During the planning year we will create estimates of the number
of objects involved and their size, and devise an appropriate
strategy to minimize the combined cost of storage and
operations.
- Output facilities. A key issue will be who has access
to archived materials, and what the service expectations of such
users will be. Will we provide Harvard users with day-to-day
access to materials, perhaps as part of ongoing validation? If
so, a reasonably sophisticated user interface to objects will be
required. Will selected outside users have access in order to
validate the functioning of the archive? If so, what delivery
format will be required? The Mellon guidelines require that
archives deliver objects to other institutional subscribers when
the "fail safe" is exercised. Will there be standard formats in
which such objects will be delivered?
These issues will be investigated during the planning phase of
the proposed project to determine the nature and scale of
developments required, and to create a plan and timeline.
Prototype and exploratory developments will be pursued in the
planning year as appropriate.
Internal institutional roles
Traditional preservation activities are a shared
responsibility between curatorial departments and preservation
technologists. At Harvard, curatorial responsibility is heavily
decentralized along topical subject and language lines. It seems
unlikely that the scope of an archiving program will be defined
in terms of curatorial responsibility, particularly since such a
program will likely involve inter-institutional arrangements. Yet
archiving necessarily involves fundamental curatorial issues,
such as deciding when to migrate materials and to what format,
and periodically assessing the state of the archival collection.
The planning process will address how to allocate responsibility
across current (or new) institutional structures.
External relationships
No institution will archive solely for its own use, nor rely
solely on its own archiving program. Therefore no institution can
decide on the nature of its archiving operation in isolation.

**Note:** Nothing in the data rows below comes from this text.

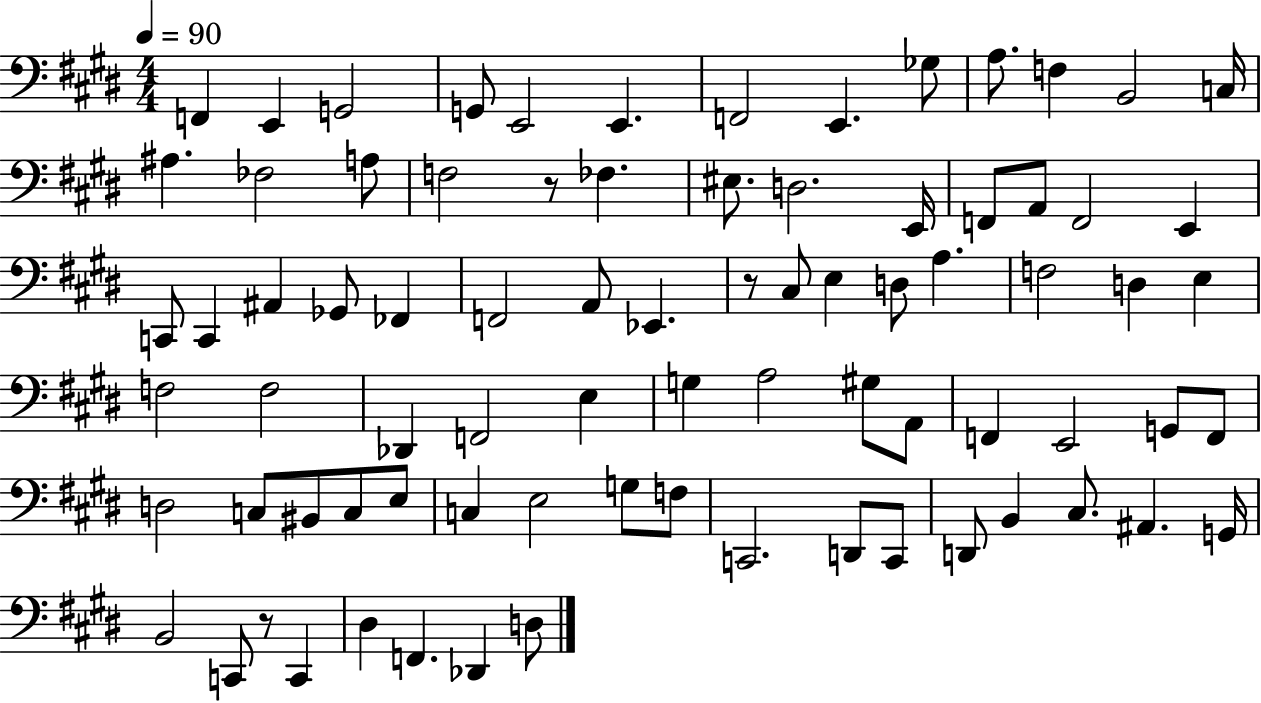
{
  \clef bass
  \numericTimeSignature
  \time 4/4
  \key e \major
  \tempo 4 = 90
  \repeat volta 2 { f,4 e,4 g,2 | g,8 e,2 e,4. | f,2 e,4. ges8 | a8. f4 b,2 c16 | \break ais4. fes2 a8 | f2 r8 fes4. | eis8. d2. e,16 | f,8 a,8 f,2 e,4 | \break c,8 c,4 ais,4 ges,8 fes,4 | f,2 a,8 ees,4. | r8 cis8 e4 d8 a4. | f2 d4 e4 | \break f2 f2 | des,4 f,2 e4 | g4 a2 gis8 a,8 | f,4 e,2 g,8 f,8 | \break d2 c8 bis,8 c8 e8 | c4 e2 g8 f8 | c,2. d,8 c,8 | d,8 b,4 cis8. ais,4. g,16 | \break b,2 c,8 r8 c,4 | dis4 f,4. des,4 d8 | } \bar "|."
}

Harvard proposes to work with its peers in the NorthEast Research
Libraries consortium (NERL) on several key aspects of its
program:
- requirements for archiving licenses, and the negotiation of
such licenses,
- decisions about what specific components of journals should
be included in an archive,
- the standards and "good practices" an archive must follow to
be relied upon by other institutions subscribing to the archived
content,
- the appropriate level of inter-institutional auditing,
and
- the output formats that must be immediately available from an
archive in order to respond to the access needs of other
institutions.
Costs and economic issues
Harvard believes that the most important single economic issue
in archiving electronic journals will be managing costs. The
level of archiving eventually undertaken, and the distribution of
responsibilities and costs among the players will be very
sensitive to the total cost of the enterprise. It is critical
that the archiving process be designed to minimize marginal
costs. We suspect that three factors will have the greatest
impact on costs:
- effective automation of the archiving process to reduce labor
and complexity;
- sophisticated selection of archiving hardware and software;
and
- the efficiencies inherent in large-scale archiving
operations.
All three factors will be a constant focus of our efforts in
both the planning and implementation phases.

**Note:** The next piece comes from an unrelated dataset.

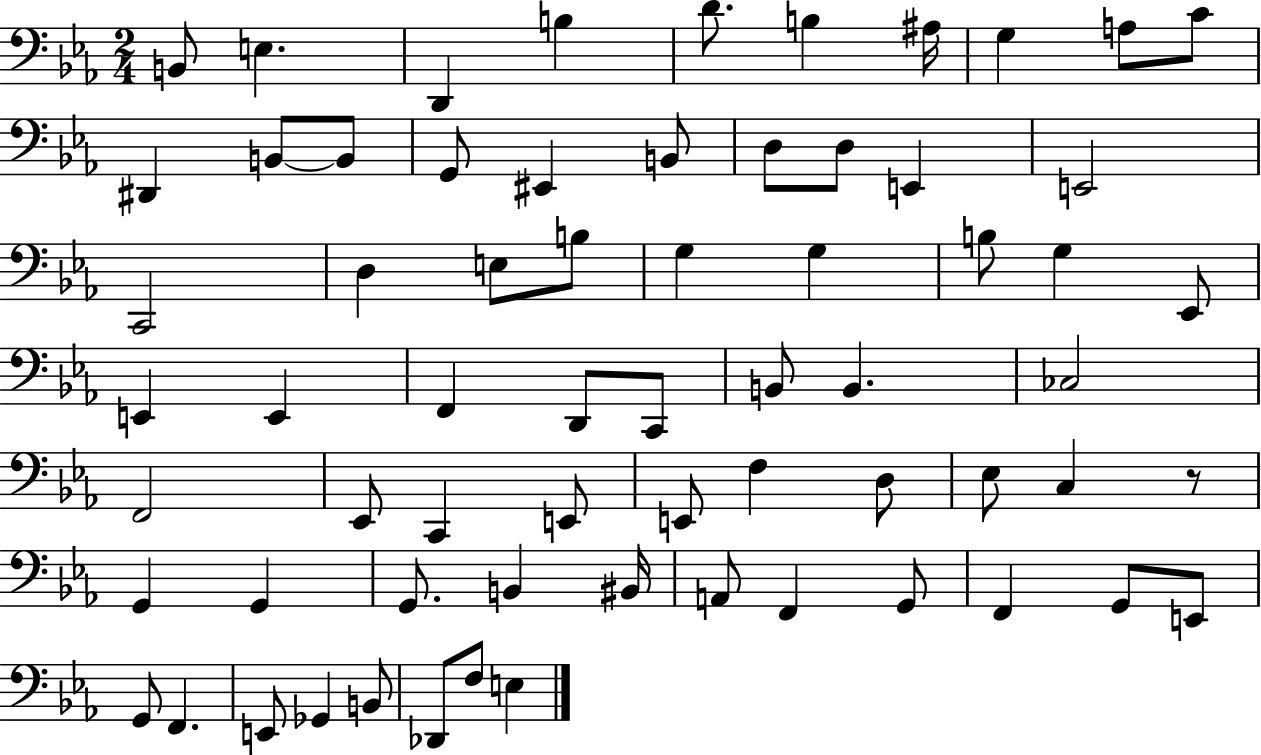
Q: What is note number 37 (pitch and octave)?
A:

A proposed model for archive cost distribution will be
addressed during the planning phase. For paper-based
publications, archiving costs were borne in a largely unplanned
pattern, with the great majority of libraries and scholars
relying on the preservation activities of a relatively small
number of institutions. In the archiving institutions, the costs
of preservation (the binding of journals, for example) were also
largely bundled into collections budgets, as much of the required
activity was also related to daily services to users. With
digital publications, archiving and day-to-day access can be (and
are likely to frequently be) separately calculated and budgeted.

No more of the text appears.